As will be appreciated by those skilled in the art, the embodiments of the present application may be provided as a method, a system, or a computer program product. Accordingly, the present application may take the form of an entirely hardware embodiment, an entirely software embodiment, or an embodiment combining software and hardware aspects. Furthermore, the present application may take the form of a computer program product embodied on one or more computer-usable storage media (including, but not limited to, disk storage, CD-ROM, optical storage, etc.) having computer-usable program code embodied therein.

The present application is described with reference to flowchart illustrations and/or block diagrams of methods, apparatus (systems), and computer program products according to embodiments of the present application.
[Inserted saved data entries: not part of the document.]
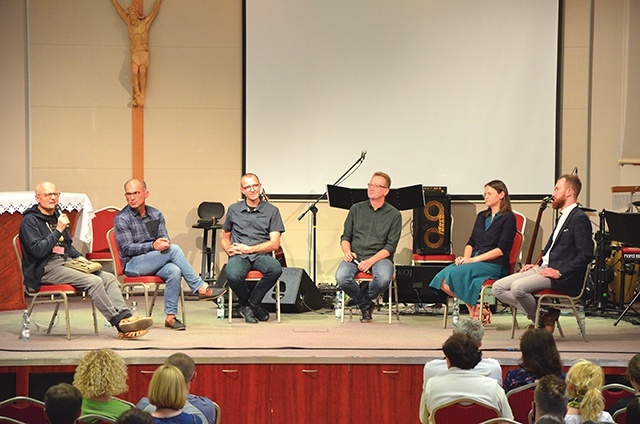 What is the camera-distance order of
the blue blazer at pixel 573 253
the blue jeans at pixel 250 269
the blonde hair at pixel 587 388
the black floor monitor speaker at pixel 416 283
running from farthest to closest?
the black floor monitor speaker at pixel 416 283 → the blue jeans at pixel 250 269 → the blue blazer at pixel 573 253 → the blonde hair at pixel 587 388

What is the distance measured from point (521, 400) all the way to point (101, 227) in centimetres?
552

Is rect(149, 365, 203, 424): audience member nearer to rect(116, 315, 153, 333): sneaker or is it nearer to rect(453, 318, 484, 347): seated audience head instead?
rect(453, 318, 484, 347): seated audience head

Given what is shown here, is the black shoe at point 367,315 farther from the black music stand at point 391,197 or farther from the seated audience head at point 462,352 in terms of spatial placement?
the seated audience head at point 462,352

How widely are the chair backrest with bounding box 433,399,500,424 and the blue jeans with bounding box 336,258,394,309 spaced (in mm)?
3400

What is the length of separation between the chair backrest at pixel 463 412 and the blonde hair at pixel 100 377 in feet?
4.45

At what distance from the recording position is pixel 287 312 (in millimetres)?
8031

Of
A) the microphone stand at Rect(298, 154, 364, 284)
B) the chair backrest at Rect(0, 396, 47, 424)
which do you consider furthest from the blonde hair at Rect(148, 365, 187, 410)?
the microphone stand at Rect(298, 154, 364, 284)

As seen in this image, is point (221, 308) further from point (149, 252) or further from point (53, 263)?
point (53, 263)

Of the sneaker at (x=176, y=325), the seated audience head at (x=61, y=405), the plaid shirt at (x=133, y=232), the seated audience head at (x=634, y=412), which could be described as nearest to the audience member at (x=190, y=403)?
the seated audience head at (x=61, y=405)

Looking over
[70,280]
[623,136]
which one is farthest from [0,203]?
[623,136]

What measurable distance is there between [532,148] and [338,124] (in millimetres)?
1984

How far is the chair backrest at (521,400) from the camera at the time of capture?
4.34m

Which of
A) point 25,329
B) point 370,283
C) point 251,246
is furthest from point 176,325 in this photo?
point 370,283

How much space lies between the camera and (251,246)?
24.3 feet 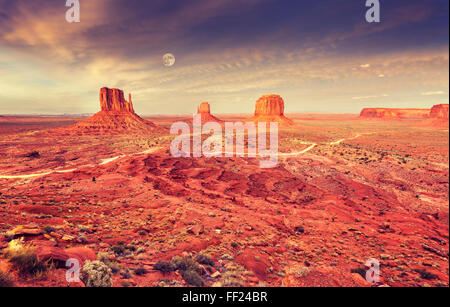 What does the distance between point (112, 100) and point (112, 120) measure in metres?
15.0

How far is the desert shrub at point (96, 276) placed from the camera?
4.43 m

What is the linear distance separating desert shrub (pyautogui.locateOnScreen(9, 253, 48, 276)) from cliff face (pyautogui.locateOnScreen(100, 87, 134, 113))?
328ft

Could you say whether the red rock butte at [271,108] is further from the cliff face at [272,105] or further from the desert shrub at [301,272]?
the desert shrub at [301,272]

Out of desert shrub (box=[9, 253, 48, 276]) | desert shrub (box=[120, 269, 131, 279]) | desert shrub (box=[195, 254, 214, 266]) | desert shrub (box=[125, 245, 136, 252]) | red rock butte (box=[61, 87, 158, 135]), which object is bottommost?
desert shrub (box=[195, 254, 214, 266])

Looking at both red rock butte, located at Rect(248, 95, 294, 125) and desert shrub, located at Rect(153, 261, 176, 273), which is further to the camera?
red rock butte, located at Rect(248, 95, 294, 125)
It will be understood that each flow and/or block in the flowchart illustrations and/or block diagrams, and combinations of flows and/or blocks in the flowchart illustrations and/or block diagrams, can be implemented by computer program instructions. These computer program instructions may be provided to the processor of a general purpose computer, special purpose computer, embedded processor or other programmable data processing device to produce a machine such that the instructions executed by the processor of the computer or other programmable data processing device produce Means for implementing the functions specified in a flow or flow of a flowchart and/or a block or blocks of a block diagram.
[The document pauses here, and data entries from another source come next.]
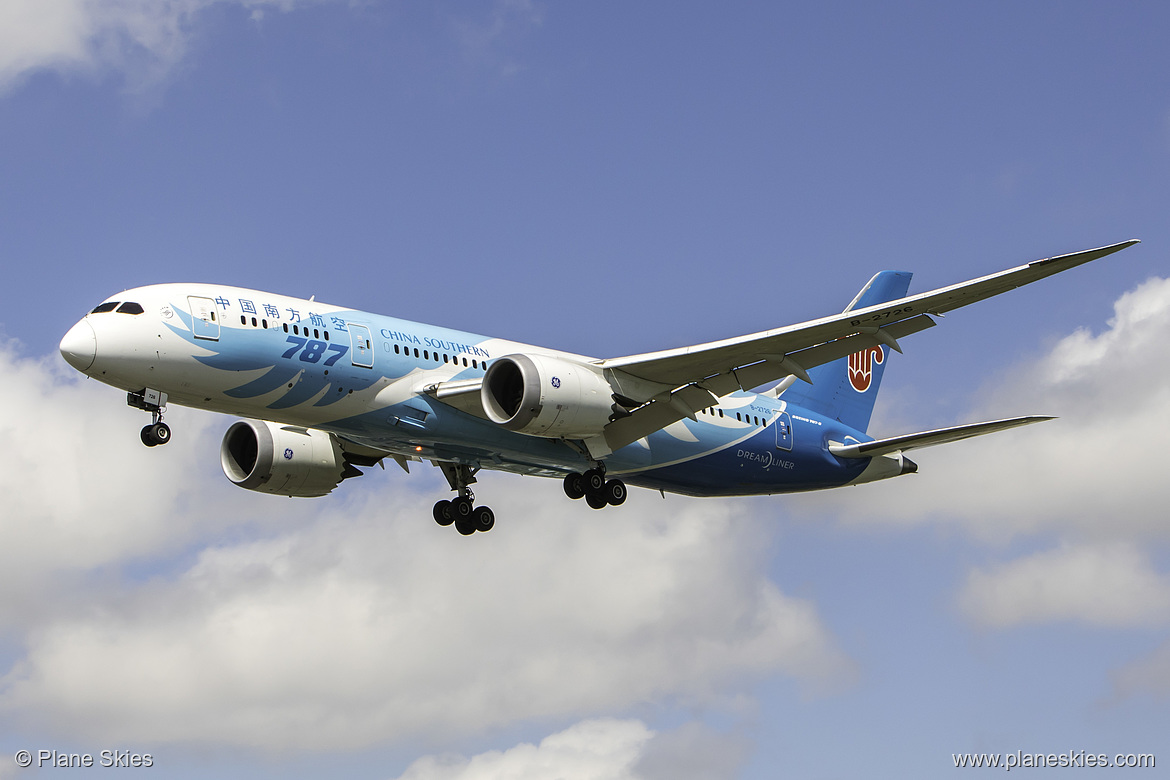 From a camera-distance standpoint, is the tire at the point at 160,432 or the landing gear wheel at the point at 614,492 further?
the landing gear wheel at the point at 614,492

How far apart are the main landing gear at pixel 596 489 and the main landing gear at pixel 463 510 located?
3691mm

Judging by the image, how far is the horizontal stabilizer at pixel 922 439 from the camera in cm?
3259

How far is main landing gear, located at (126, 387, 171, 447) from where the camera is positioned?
2820cm

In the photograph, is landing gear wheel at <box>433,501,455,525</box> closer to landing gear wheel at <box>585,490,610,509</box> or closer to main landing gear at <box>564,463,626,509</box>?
main landing gear at <box>564,463,626,509</box>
These computer program instructions may also be stored in a computer-readable memory capable of directing a computer or other programmable data processing apparatus to function in a particular manner, such that the instructions stored in the computer-readable memory result in an article of manufacture comprising instruction means, the instructions The apparatus implements the functions specified in the flow or flow of the flowcharts and/or the block or blocks of the block diagrams.

These computer program instructions can also be loaded on a computer or other programmable data processing device to cause a series of operational steps to be performed on the computer or other programmable device to produce a computer-implemented process such that The instructions provide steps for implementing the functions specified in the flow or blocks of the flowcharts and/or the block or blocks of the block diagrams.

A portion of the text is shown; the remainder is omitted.